This thread is for discussion of The Tiger's Wife. I'll read it in June, prior to the announcement of the Orange Prize winner on June 8th.

Bearbeitet: Mai 15, 2011, 2:53am

Here's my review, I loved it - 5 stars from me.

This book envelopes the reader in a realistic world of war and mucus and a big, friendly, dumb white dog with a square black head, loved and even slightly worshipped by all who know him. Then there' an equally real seeming fantasy world of a deathless man, a town sparsely populated with damaged veterans, and a woman married to a tiger. And there's the in between world of the tiger himself, big, and orange with a square head, feared and hated by almost everyone who knows of him. There's a batterer musician butcher, an apothecary that I don't understand, a little bear killer, a dying, living loving grandfather, and an accomplished doctor granddaughter. The story is set in the real Balkans but in mythical villages there.
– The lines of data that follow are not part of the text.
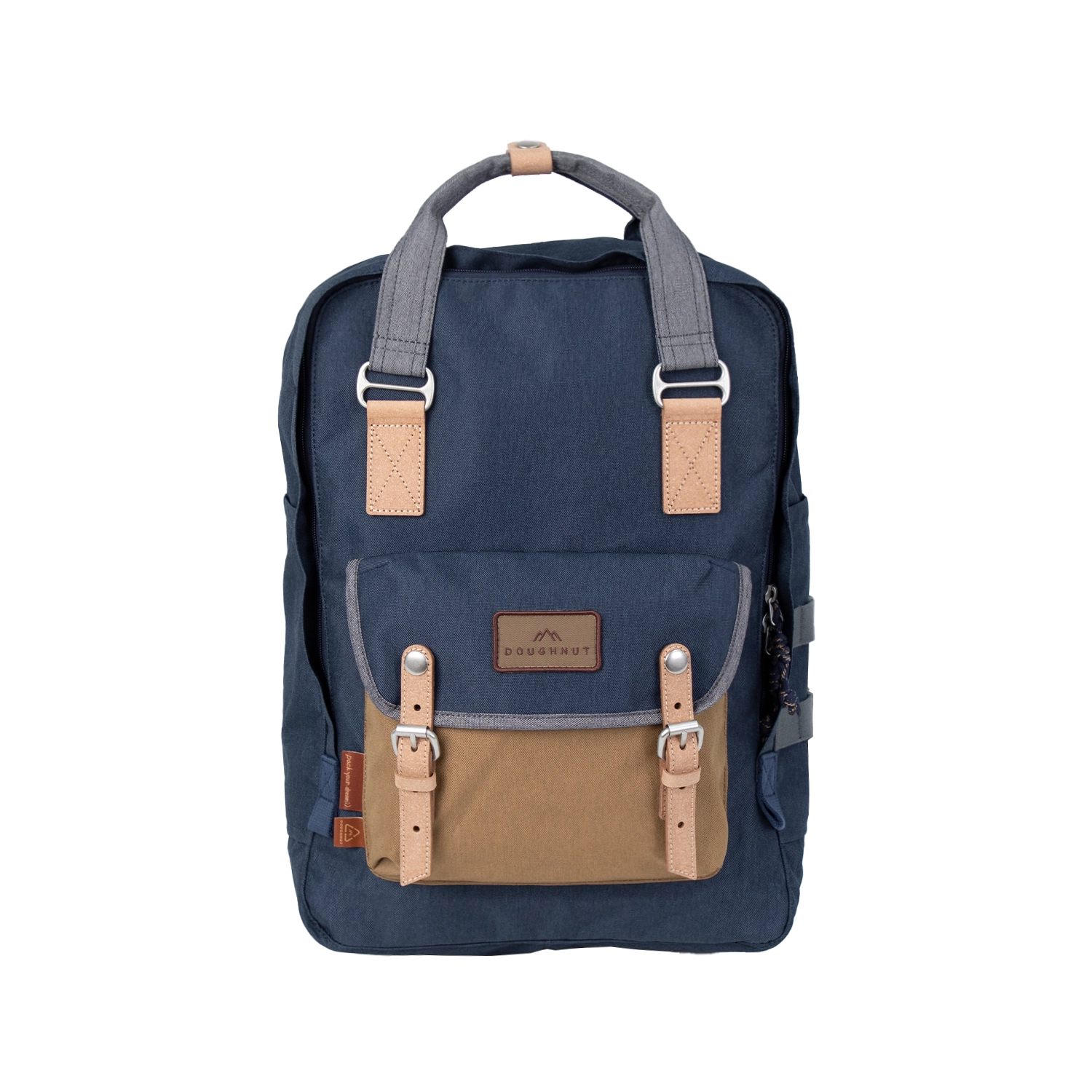 Macaroon Large Happy Camper Series Backpack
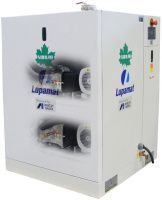 Спиральный компрессор Lupamat LSL-8K6/450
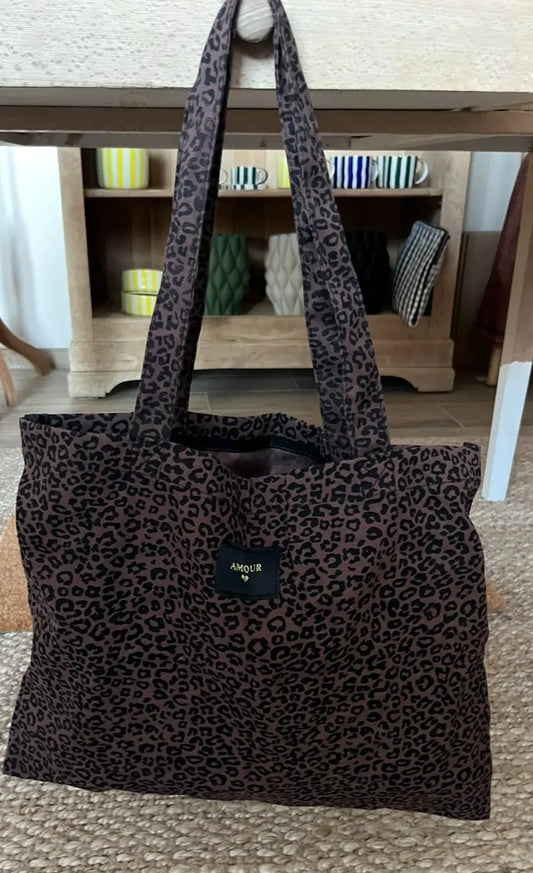Sac Amour Atelier MSV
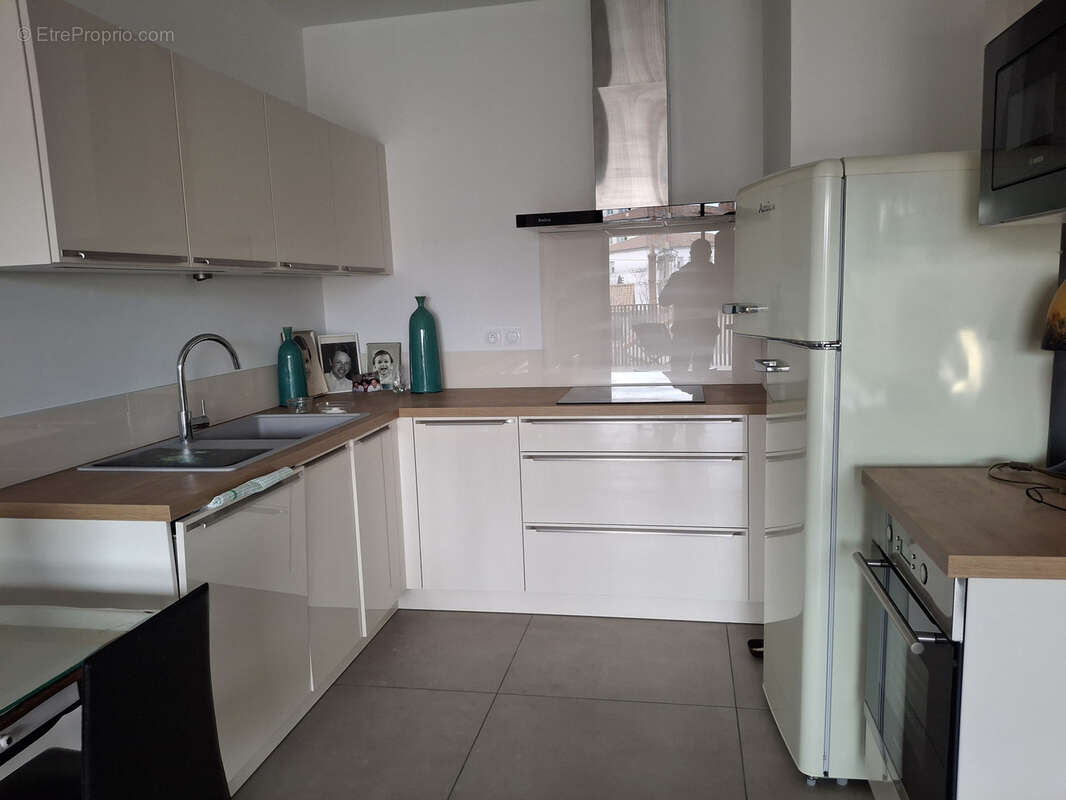 Appartement à VALENCE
The symbolism in this book vibrates in your soul like the low rumblings of the tiger

Mai 15, 2011, 3:26am

I loved your review Joyce and now I can't wait to meet those square headed animals!

Mai 15, 2011, 8:54am

I liked The Tiger's Wife a lot, and your review, Joyce, is an impressive, concise response to it.

Mai 15, 2011, 8:57am

Great review, Joyce! I also can't wait to read it now.

Mai 15, 2011, 4:12pm

Thanks, all. I'm such a bad reviewer you can tell the book must have been great to have encouraged me to write more than a couple os sentences. I think it's going to win the Orange, though I haven't read all the others.

Mai 16, 2011, 10:51am

Here's my review of The Tiger's Wife, which I was lucky to snag through the Early Reviewers program:

It takes a talented writer to infuse stories of folklore and reality into a book that’s both captivating and realistic. It’s not an easy recipe for storytelling, but sometimes the best stories are the hardest ones to tell. I think that’s the case in Tea Obreht’s debut novel, The Tiger’s Wife.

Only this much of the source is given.